Our discovering reveals that the first set of travellers to go beyond the eastern boundary via the North-Sahara outpost ended their journey in Kambata. Added to this suggestion are similarities in the ancient potteries found in the area. Among the potteries, we chose to sample this chair and examine the similarity between it and the Igbo traditional seat. The Igbo have several seats of this nature and with varying styles. It was the form of their craft.

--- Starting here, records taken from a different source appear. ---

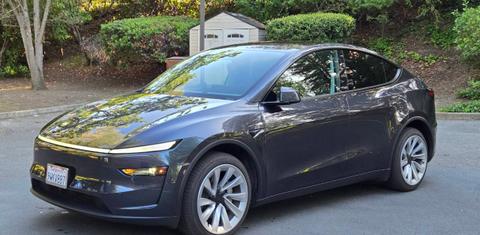 Tesla Model Y 2026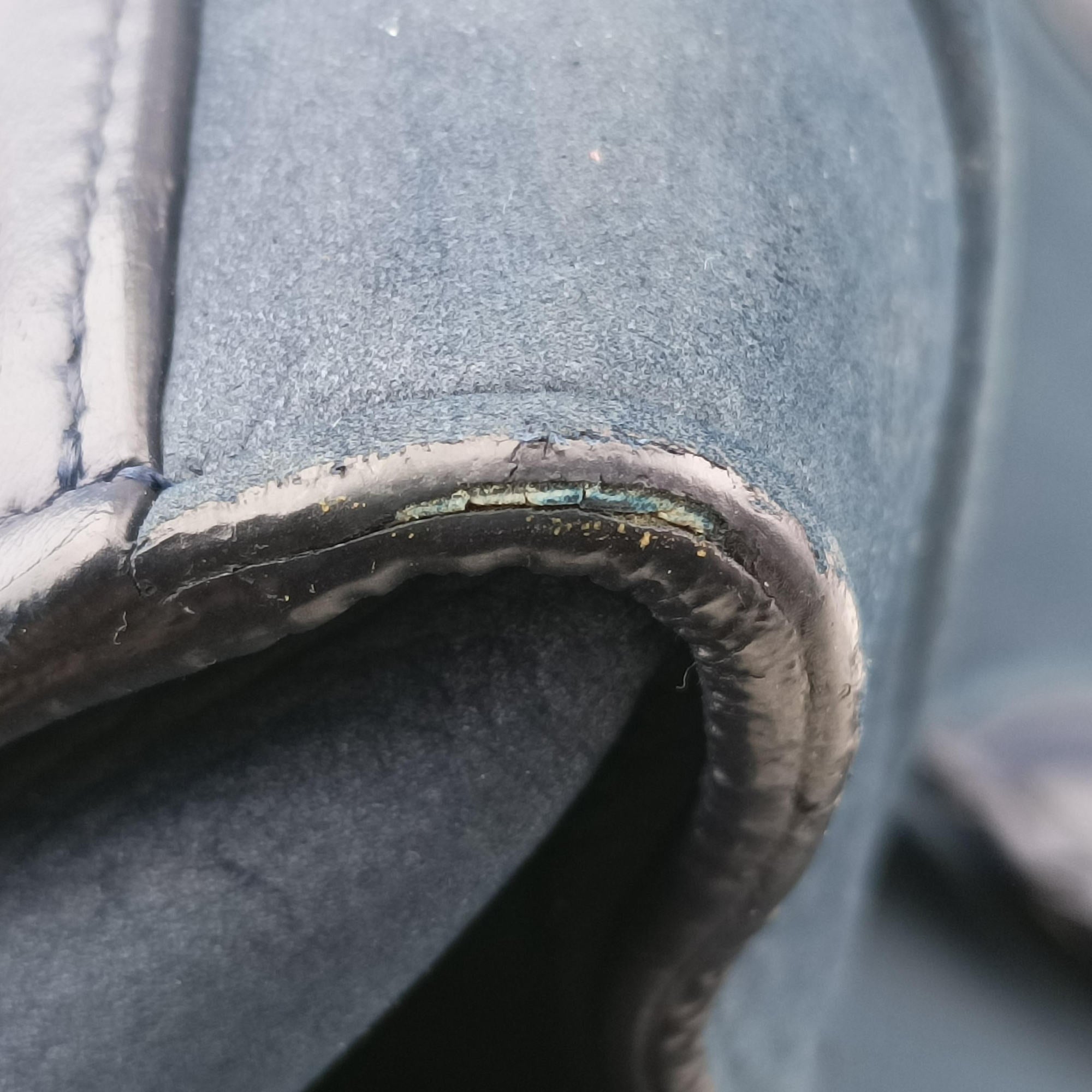 Secondhand Celine Luggage Square Phantom Blue Suede  shoulderbag | stylenewstar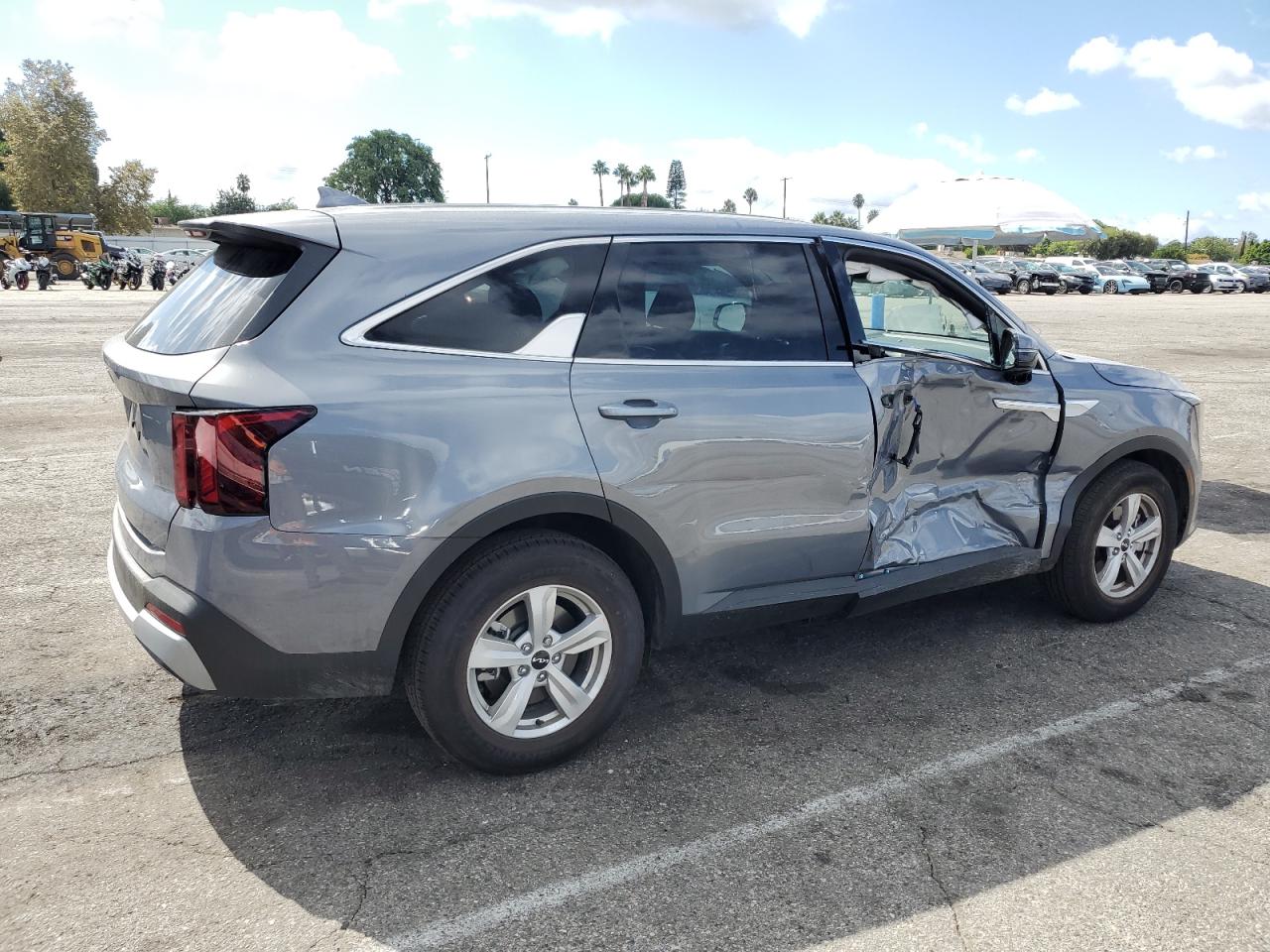 2025 KIA SORENTO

                    Kambata                                     Igbo
It was the settlement of these populations in the Lower Nile valley that encouraged the later populations that followed that part. And as had been the Igbo tradition, new comers do not reside with the old settlers in the same place. The instinct of every Igbo as it concerns expansion tells him the needs of exploring a new ground. This was the policy that guided the later emigrants that founded Nubia and Egypt respectively. J.A. Bailey wrote on these later migrations, stressing the period to be around 125,000 BC. In his words, “Around 125,000 BC a group of Africans moved northward towards the Nile.” (African Bible Messages, Feb. 2014).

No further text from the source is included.